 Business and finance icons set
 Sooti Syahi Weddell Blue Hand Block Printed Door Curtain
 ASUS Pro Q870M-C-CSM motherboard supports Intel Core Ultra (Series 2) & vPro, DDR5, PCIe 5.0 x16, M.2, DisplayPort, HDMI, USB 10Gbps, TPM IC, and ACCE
= = =
● **Task description**: All the data above must be copied again. Leave nothing out.

● **Written response**:
 Business and finance icons set
 Sooti Syahi Weddell Blue Hand Block Printed Door Curtain
 ASUS Pro Q870M-C-CSM motherboard supports Intel Core Ultra (Series 2) & vPro, DDR5, PCIe 5.0 x16, M.2, DisplayPort, HDMI, USB 10Gbps, TPM IC, and ACCE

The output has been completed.